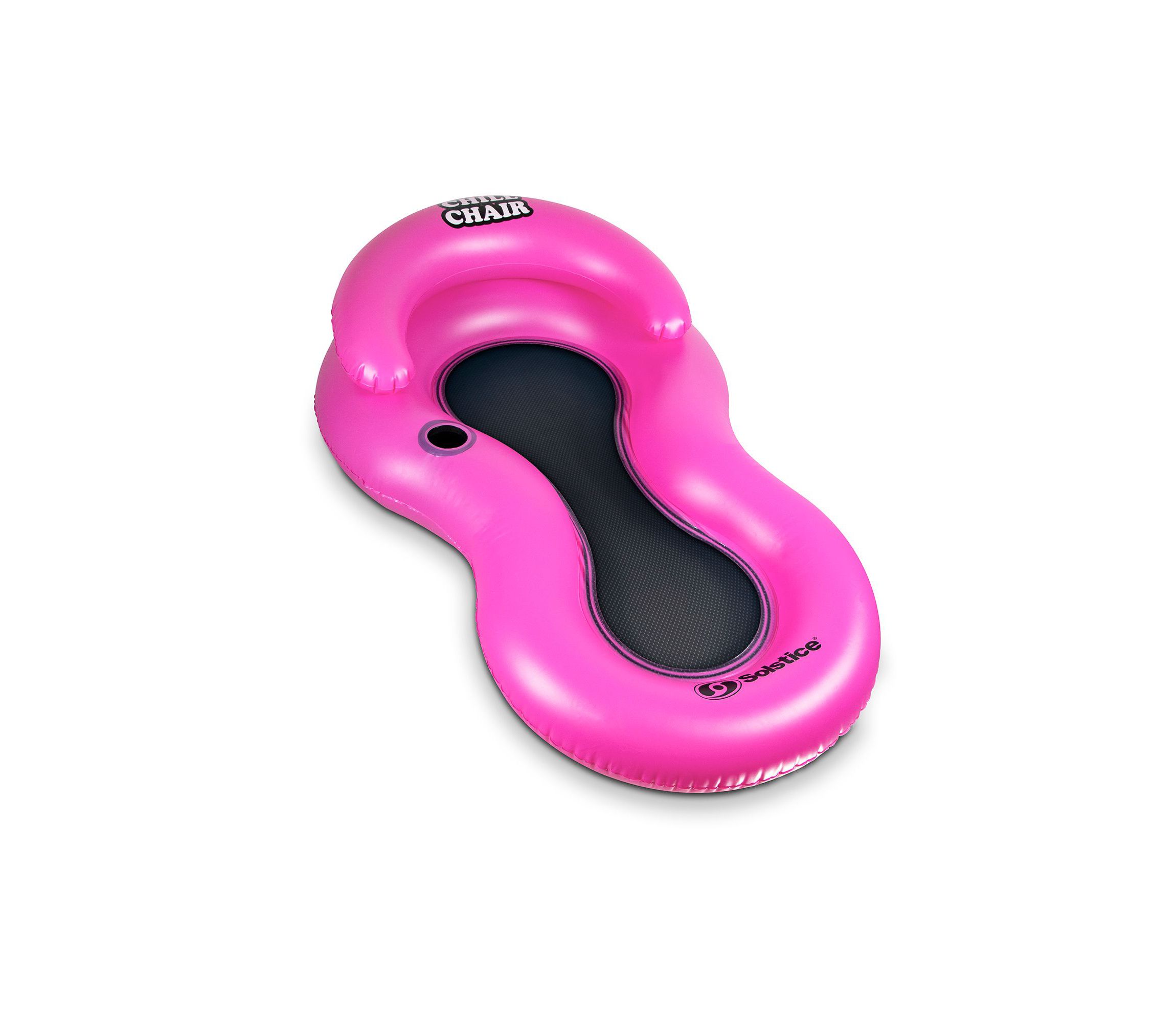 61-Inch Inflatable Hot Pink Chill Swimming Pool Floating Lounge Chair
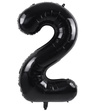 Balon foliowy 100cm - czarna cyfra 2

==========

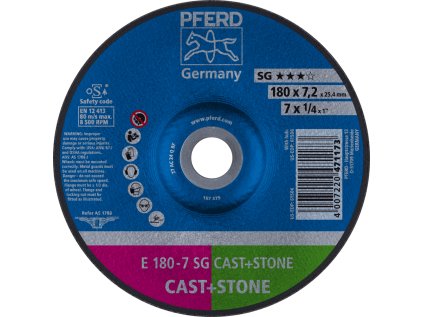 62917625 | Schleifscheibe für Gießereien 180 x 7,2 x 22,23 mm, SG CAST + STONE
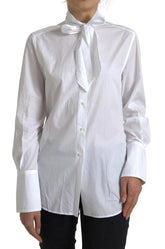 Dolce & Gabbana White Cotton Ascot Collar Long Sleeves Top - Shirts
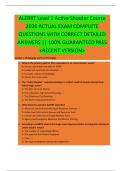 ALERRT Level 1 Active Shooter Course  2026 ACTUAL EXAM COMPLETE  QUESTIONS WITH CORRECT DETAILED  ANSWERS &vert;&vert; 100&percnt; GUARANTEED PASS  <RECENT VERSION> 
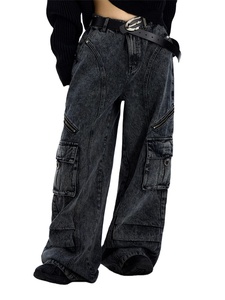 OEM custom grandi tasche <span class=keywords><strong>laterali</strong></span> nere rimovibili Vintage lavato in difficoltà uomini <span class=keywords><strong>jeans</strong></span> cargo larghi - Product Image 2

==========

TASK DESCRIPTION ▸ Beginning with the line above that has "ALERRT Level 1" and going on through the line that has "OEM custom grandi", retype every line exactly and add nothing else; drop the pictures.

RESPONSE TO THE TASK ▸
 ALERRT Level 1 Active Shooter Course  2026 ACTUAL EXAM COMPLETE  QUESTIONS WITH CORRECT DETAILED  ANSWERS &vert;&vert; 100&percnt; GUARANTEED PASS  <RECENT VERSION> 
 OEM custom grandi tasche <span class=keywords><strong>laterali</strong></span> nere rimovibili Vintage lavato in difficoltà uomini <span class=keywords><strong>jeans</strong></span> cargo larghi - Product Image 2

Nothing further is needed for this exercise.